=== Data ===

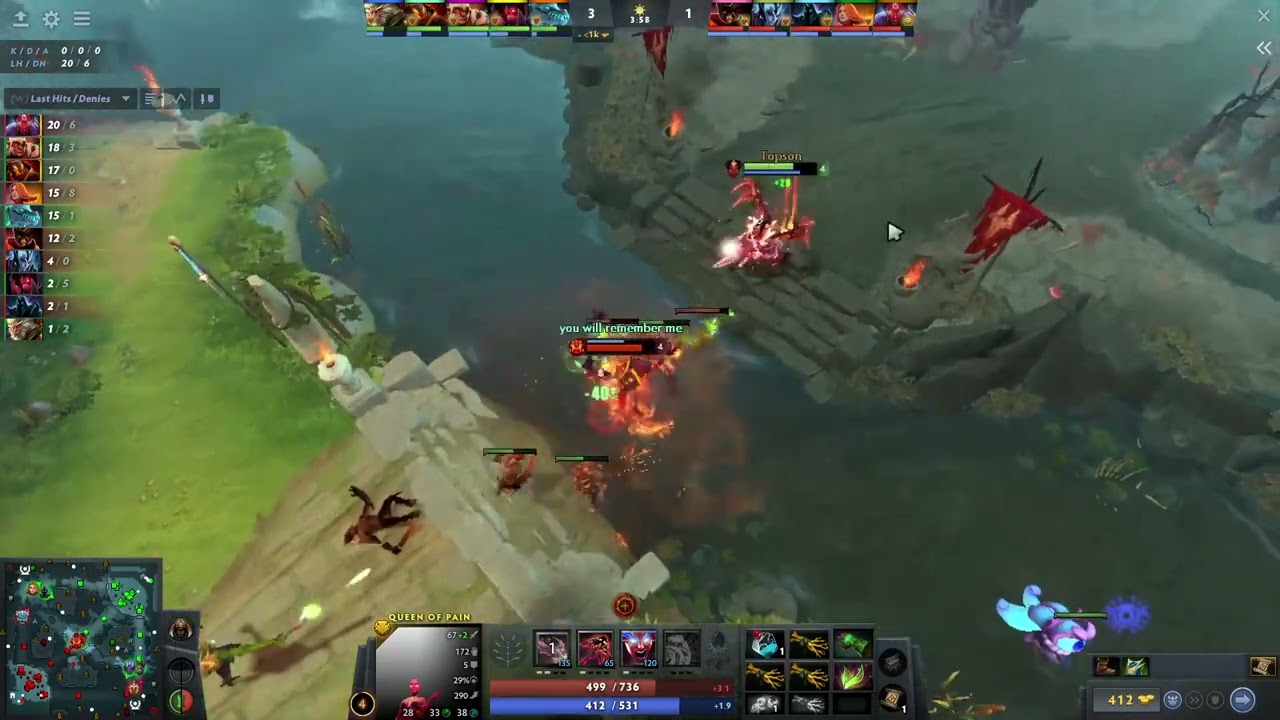 Как играть на центральной линии queen of pain (TOPSON) против ember spirit - Dota 2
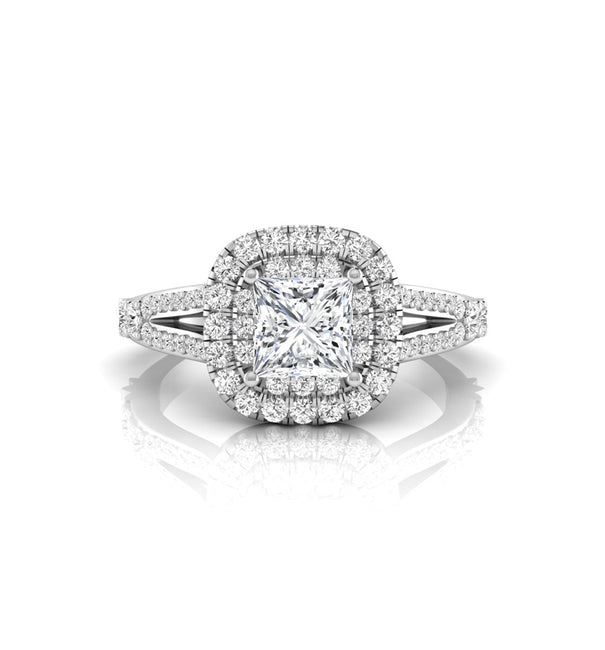 Double Halo Split Shank Princess Moissanite Ring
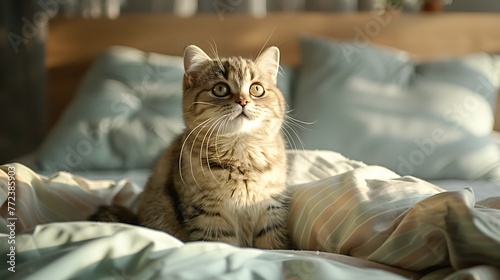A cute cat of the scottish straight cat breed sits on a bed © Taylor Swift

===

→ Task to carry out
Provide the listing above once more, exactly, with the pictures removed.

→ Answer section
 Как играть на центральной линии queen of pain (TOPSON) против ember spirit - Dota 2
 Double Halo Split Shank Princess Moissanite Ring
A cute cat of the scottish straight cat breed sits on a bed © Taylor Swift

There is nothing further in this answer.